## [TO DO]
Below this line is a listing that includes pictures. Copy exactly, and only, the lines from the one containing "䤻(清·印刷字体·康熙字典)" through the one containing "2021年广东金太阳高三2月联考历史试题及答案 2021"; the pictures do not go in the copy.

## [MATERIAL FOR THE TASK]
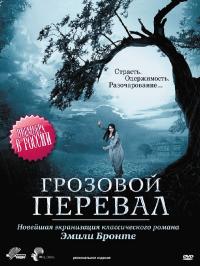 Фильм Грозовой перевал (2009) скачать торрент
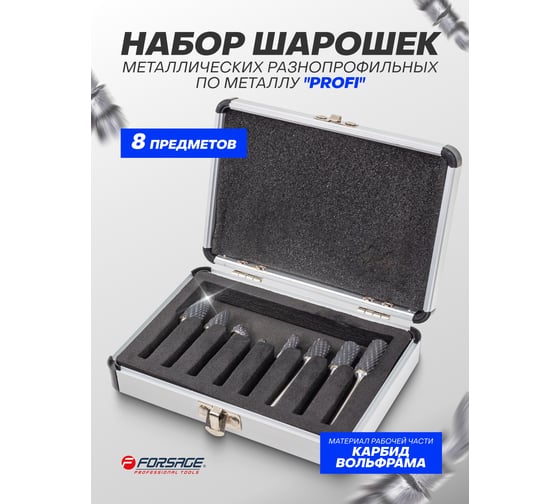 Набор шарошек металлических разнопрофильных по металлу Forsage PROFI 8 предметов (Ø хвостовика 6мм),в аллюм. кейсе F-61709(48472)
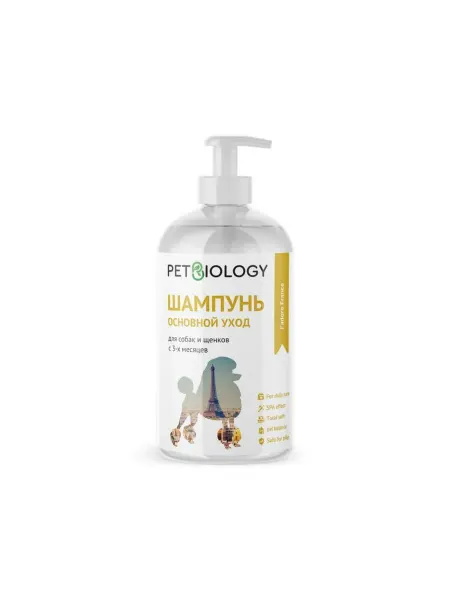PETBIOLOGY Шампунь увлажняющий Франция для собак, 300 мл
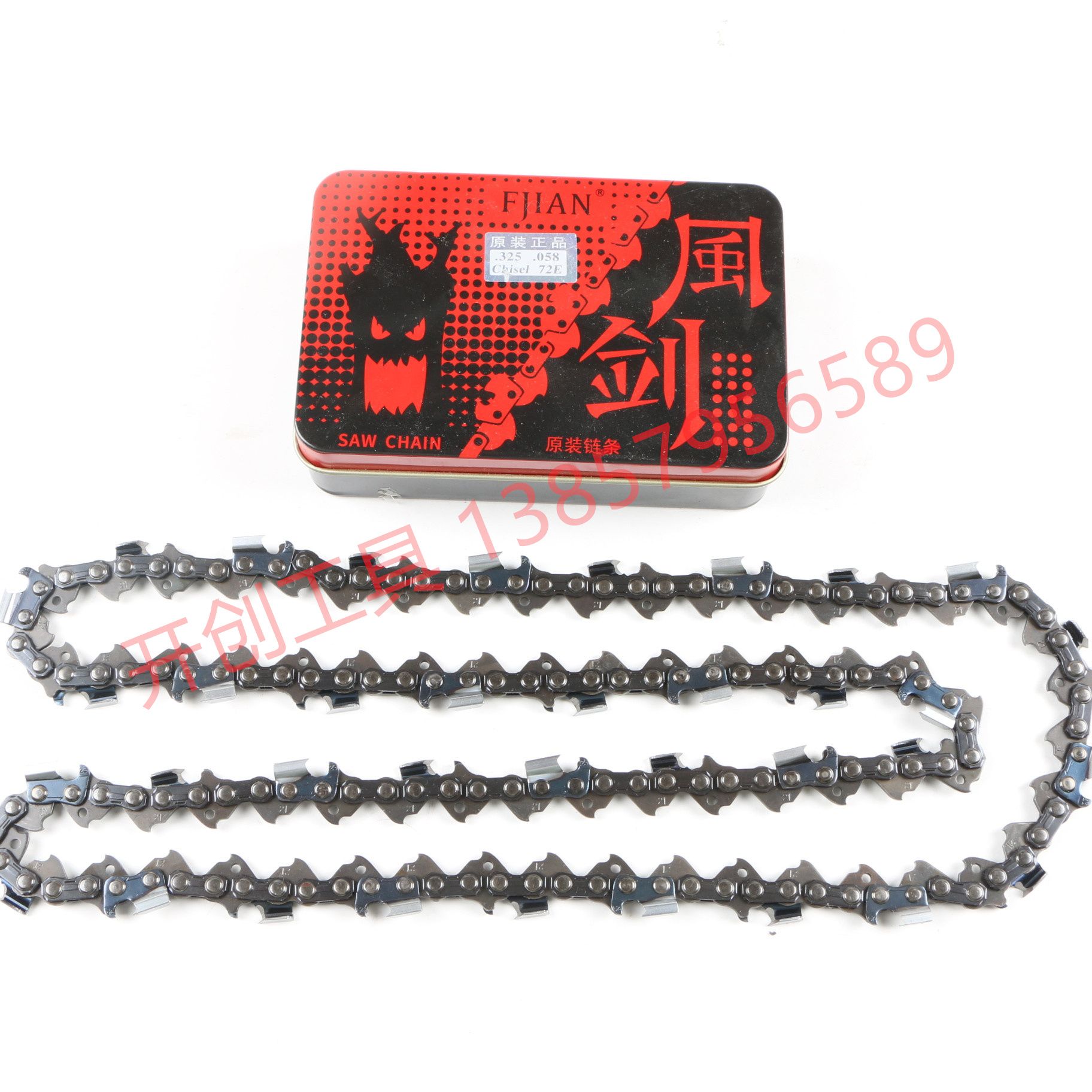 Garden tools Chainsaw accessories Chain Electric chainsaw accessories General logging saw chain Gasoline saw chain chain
...
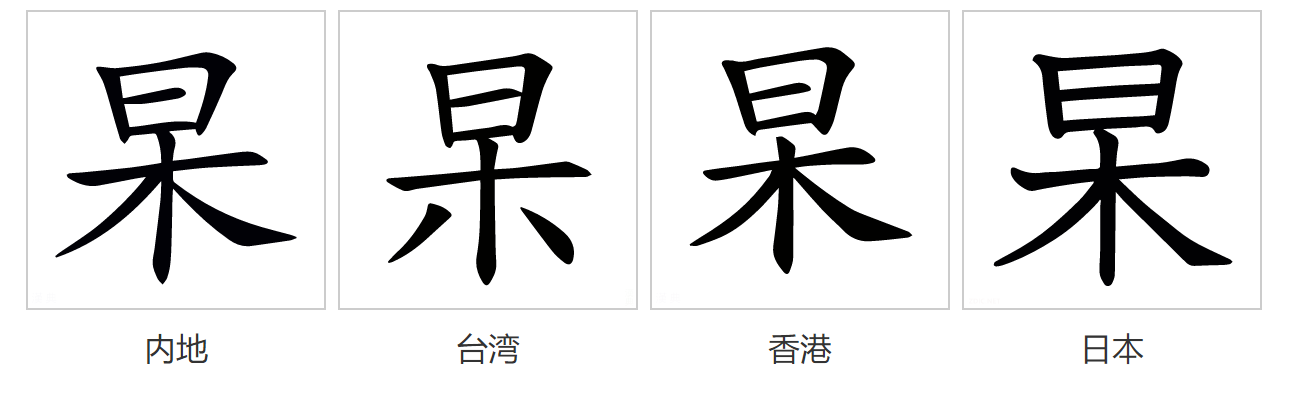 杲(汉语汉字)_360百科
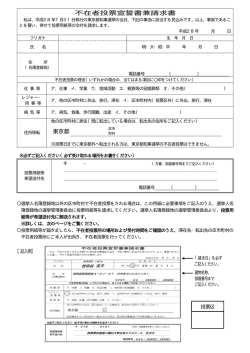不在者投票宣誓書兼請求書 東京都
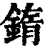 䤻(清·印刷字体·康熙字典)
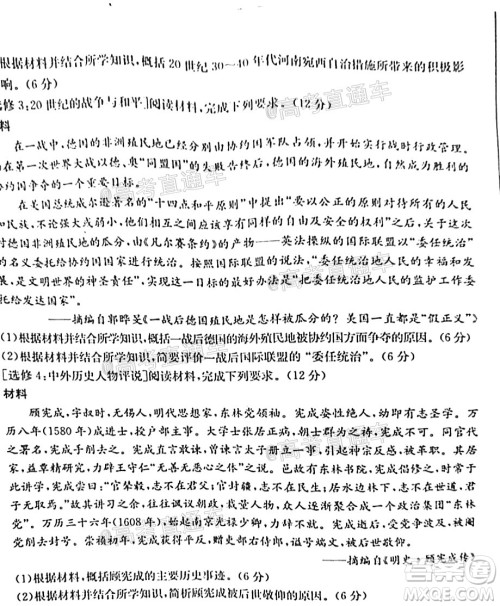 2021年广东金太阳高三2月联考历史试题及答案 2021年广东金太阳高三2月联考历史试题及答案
...
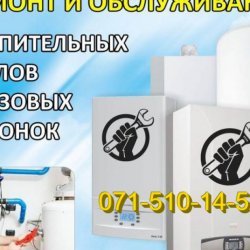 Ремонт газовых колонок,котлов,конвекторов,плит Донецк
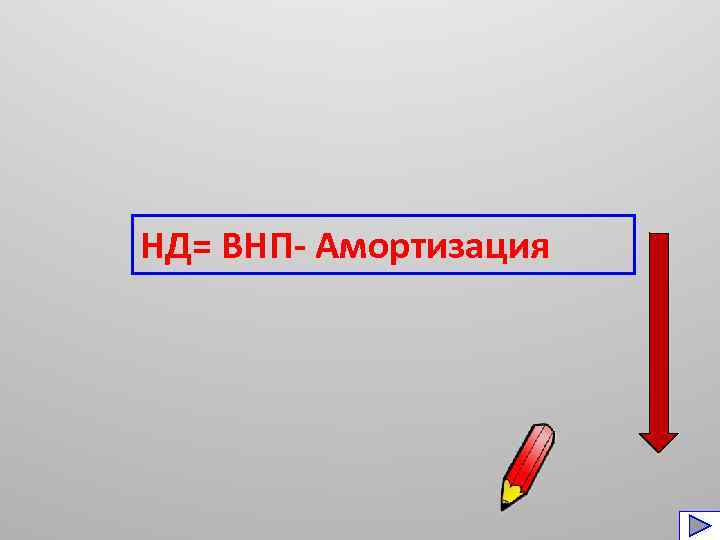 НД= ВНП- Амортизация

## [YOUR RESPONSE]
 䤻(清·印刷字体·康熙字典)
 2021年广东金太阳高三2月联考历史试题及答案 2021年广东金太阳高三2月联考历史试题及答案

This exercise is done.